Consider this from the article:
Privacy is fundamental to free speech, diversity, creativity, and democratic self governance. Intuitively, we modify our behavior whenever we know or fear that we are being observed. We abstain from some activities in which we’d otherwise engage or conform to modes of acting we’d otherwise eschew. Simply put, when we are observed, we become culturally and intellectually homogenized; we go mainstream. This phenomena has been intuited by scholars and writers for centuries.
More recently – chilling effects have been observed empirically. Chilling effects are by no means benign or marginal. We lose more than a vibrant counterculture when a lack of privacy causes citizens to avoid associations or transactions that are not mainstream. Homogenization means less technological innovation, less scientific discovery, and fewer diverse voices in politics.
The Problem Goes Deeper
When you consider that banks and credit cards use a “pull” system (IE: Your data gets transmitted through numerous parties when you swipe your card, it is “pulled” from the systems to ensure a transaction) it puts your information at risk.
As evidenced by the banks and credit hackings (in the article they reference JP Morgan), a lot of very important data regarding people’s personal lives can be lost relatively easily.
And if this is done, it causes many individuals to change their normal attitudes or behaviors. To change their spending habits, who they purchase from, who they donate to. “We go mainstream”.
Bitcoin can get past these issues that centralized currency cannot.
Conclusions
I’m not saying Bitcoin should overtake the regular currency, but it is something that we should give significant weight toward being an important piece of technology looking toward the future.
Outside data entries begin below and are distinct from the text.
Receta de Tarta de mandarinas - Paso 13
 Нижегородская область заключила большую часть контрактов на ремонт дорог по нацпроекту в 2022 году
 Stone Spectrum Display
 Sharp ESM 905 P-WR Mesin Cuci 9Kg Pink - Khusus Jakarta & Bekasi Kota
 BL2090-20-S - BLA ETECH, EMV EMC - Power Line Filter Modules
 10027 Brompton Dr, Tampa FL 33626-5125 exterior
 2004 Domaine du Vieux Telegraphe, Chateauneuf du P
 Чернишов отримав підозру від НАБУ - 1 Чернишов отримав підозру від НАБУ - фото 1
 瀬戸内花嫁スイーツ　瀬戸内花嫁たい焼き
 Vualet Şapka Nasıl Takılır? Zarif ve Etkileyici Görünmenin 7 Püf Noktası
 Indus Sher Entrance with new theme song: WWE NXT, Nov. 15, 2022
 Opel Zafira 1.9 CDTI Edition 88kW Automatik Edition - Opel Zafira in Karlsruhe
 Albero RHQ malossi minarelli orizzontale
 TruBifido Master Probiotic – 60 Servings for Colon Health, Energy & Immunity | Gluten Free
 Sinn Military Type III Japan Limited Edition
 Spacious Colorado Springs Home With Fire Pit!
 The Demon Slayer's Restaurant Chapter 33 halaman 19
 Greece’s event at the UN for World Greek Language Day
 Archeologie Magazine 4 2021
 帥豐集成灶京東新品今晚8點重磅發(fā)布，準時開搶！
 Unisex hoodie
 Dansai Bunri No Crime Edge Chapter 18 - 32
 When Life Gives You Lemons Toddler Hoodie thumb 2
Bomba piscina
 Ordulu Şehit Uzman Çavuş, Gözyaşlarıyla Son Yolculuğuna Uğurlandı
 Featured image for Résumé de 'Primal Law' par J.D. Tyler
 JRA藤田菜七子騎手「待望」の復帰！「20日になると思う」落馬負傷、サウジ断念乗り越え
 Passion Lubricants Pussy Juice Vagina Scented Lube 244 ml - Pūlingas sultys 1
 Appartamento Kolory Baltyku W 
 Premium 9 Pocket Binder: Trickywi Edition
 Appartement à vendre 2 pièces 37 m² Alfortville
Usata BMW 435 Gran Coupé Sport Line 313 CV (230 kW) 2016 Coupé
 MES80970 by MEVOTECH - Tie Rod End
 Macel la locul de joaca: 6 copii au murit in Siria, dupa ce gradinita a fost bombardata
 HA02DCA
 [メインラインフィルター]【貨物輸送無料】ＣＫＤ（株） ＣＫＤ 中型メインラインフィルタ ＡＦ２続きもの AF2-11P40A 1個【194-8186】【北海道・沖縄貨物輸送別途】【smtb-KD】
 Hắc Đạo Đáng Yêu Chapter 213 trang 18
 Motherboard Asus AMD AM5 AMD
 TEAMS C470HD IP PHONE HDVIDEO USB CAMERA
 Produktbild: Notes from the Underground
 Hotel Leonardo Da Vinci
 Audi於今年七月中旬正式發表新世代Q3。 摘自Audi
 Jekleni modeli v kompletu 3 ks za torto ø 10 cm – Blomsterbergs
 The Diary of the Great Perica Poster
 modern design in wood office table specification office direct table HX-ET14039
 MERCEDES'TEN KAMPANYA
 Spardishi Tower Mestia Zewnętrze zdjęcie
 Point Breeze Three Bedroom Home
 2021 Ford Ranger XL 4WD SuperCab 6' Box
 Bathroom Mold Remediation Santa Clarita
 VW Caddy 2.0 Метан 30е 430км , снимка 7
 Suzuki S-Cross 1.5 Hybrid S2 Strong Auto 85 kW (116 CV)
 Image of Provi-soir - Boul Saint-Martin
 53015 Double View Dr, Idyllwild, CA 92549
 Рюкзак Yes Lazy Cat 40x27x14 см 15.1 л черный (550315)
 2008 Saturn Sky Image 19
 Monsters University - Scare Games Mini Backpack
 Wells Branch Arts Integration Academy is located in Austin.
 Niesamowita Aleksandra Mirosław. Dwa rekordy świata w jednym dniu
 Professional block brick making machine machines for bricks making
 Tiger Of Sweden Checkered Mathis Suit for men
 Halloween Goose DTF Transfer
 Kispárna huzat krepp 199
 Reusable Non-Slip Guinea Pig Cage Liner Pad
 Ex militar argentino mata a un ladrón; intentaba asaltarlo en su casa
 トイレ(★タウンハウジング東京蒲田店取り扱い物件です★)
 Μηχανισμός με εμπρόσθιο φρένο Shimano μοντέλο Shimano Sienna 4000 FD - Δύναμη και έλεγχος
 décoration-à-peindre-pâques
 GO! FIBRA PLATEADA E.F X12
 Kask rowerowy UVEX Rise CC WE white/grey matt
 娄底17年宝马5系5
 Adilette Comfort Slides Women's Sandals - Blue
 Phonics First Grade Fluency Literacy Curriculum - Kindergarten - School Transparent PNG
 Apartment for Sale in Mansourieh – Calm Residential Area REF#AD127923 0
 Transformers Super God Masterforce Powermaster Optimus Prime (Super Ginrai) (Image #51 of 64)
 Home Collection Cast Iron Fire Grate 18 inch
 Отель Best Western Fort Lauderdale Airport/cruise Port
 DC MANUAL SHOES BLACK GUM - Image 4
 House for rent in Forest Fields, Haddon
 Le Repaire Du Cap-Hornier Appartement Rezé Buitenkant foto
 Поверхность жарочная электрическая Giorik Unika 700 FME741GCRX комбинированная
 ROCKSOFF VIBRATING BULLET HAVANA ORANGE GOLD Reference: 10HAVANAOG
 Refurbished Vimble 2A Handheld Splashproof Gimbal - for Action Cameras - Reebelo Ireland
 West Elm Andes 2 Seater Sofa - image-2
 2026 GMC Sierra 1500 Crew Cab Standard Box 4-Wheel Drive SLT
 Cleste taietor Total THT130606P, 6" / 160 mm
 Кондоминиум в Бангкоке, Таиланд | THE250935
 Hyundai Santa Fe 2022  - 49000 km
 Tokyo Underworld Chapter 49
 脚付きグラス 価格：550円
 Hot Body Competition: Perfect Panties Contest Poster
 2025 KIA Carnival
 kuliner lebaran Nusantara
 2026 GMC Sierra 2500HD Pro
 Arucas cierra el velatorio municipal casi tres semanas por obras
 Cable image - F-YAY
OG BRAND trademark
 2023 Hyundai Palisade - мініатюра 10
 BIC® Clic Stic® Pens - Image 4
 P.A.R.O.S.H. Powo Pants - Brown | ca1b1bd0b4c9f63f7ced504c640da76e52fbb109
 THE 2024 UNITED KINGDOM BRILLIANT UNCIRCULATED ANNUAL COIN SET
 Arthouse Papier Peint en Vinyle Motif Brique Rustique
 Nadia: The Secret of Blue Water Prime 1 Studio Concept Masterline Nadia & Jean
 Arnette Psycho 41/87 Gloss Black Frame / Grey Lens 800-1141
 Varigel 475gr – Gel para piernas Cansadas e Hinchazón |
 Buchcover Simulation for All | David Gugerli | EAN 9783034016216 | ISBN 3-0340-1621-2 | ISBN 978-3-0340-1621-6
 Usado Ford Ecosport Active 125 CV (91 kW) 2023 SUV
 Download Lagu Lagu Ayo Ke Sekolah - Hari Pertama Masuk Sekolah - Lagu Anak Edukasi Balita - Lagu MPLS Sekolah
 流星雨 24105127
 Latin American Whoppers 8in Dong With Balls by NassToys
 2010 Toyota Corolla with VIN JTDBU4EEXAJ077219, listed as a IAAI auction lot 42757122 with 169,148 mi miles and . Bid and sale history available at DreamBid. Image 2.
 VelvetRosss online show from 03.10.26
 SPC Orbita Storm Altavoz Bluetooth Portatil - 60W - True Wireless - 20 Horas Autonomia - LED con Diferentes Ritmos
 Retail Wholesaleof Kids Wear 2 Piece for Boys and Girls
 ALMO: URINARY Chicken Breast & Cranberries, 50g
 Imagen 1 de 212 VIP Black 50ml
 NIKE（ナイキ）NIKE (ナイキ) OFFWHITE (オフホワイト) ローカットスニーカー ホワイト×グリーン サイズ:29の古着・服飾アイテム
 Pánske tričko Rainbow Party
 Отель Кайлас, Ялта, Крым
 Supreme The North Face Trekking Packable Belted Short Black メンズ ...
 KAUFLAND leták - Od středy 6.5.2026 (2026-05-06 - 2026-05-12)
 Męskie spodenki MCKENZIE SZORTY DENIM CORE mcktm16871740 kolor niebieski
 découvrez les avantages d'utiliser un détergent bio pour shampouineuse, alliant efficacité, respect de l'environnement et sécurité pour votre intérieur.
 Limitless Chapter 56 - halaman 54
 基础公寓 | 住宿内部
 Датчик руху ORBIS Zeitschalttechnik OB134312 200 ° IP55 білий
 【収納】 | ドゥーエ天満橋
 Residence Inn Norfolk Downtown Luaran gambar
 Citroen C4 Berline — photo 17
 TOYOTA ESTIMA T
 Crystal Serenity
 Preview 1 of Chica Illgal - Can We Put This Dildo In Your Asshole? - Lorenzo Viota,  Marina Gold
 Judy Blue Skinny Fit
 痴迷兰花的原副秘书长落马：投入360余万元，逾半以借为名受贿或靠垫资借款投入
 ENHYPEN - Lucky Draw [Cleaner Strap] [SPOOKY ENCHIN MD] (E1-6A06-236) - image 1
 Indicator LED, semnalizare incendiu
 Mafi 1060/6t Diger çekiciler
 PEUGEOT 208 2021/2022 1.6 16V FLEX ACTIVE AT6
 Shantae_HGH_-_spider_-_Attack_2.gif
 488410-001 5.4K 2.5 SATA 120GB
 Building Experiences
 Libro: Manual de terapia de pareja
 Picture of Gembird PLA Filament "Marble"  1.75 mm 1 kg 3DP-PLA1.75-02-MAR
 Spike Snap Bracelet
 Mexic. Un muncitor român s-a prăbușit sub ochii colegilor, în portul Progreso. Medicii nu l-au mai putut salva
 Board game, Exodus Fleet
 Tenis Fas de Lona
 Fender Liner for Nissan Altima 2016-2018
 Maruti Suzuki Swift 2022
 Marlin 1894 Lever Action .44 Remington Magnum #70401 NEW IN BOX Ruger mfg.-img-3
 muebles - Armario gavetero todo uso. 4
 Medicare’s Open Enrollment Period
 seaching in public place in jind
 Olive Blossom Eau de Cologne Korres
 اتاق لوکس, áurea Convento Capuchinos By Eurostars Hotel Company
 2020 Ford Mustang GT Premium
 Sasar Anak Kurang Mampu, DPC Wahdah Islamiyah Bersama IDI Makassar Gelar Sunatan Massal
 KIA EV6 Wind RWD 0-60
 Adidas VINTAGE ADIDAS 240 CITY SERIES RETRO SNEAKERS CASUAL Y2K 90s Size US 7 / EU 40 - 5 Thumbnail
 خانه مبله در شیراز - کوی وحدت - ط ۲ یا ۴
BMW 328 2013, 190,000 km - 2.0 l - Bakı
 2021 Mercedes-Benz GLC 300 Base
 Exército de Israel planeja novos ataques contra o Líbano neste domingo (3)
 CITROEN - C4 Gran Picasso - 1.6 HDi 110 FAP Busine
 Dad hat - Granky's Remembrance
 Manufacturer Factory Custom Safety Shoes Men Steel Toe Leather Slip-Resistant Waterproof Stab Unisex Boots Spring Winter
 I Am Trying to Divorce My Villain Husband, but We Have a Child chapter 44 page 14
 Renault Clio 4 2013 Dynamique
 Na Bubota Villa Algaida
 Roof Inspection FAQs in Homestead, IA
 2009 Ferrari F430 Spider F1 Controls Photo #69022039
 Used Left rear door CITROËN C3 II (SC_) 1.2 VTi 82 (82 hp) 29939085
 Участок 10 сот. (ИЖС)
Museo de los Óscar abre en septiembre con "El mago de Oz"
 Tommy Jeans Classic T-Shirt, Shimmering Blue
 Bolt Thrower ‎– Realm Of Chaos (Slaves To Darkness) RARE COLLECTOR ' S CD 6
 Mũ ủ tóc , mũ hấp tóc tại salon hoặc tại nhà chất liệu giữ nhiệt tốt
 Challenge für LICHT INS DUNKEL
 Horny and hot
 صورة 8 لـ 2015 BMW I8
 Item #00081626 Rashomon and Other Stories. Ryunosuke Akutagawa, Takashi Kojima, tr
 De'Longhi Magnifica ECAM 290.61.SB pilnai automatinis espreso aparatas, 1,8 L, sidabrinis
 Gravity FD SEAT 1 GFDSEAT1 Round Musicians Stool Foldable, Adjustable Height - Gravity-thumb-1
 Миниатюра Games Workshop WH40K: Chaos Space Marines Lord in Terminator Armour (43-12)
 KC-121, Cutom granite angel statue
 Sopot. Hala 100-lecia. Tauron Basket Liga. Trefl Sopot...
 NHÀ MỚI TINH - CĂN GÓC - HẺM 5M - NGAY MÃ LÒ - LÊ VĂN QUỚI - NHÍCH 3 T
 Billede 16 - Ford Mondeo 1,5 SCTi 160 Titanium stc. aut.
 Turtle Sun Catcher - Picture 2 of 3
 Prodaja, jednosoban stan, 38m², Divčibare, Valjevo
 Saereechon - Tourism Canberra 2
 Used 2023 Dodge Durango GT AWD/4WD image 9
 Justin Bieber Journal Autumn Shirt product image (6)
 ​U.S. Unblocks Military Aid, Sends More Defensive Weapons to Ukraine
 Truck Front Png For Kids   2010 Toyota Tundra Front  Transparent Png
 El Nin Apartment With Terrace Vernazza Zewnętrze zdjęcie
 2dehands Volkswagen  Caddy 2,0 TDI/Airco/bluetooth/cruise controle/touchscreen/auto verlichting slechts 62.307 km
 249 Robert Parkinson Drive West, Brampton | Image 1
I’m hoping more similar alternatives will arise as well, so Bitcoin does not have a solo monopoly.
Check out the article yourself. Here is the abstract:
Financial privacy is an umbrella term for both data security and privacy. We can think of security as the ability to hide information from all comers and privacy, following Nissenbaum’s concept of contextual integrity, as the ability to shape how we selectively reveal information and how it is used after revelation.
Poor security and poor privacy have costs: identity theft, merchant compliance costs, chilling effects on speech and cloaking costs from user self-help. Cryptocurrencies, such as Bitcoin, can be used to improve security and grant users more granular control over when and how they choose to identify themselves.
We outline these potential benefits and describe how they can be achieved without hamstringing the investigatory powers of law enforcement or the goals of financial regulators.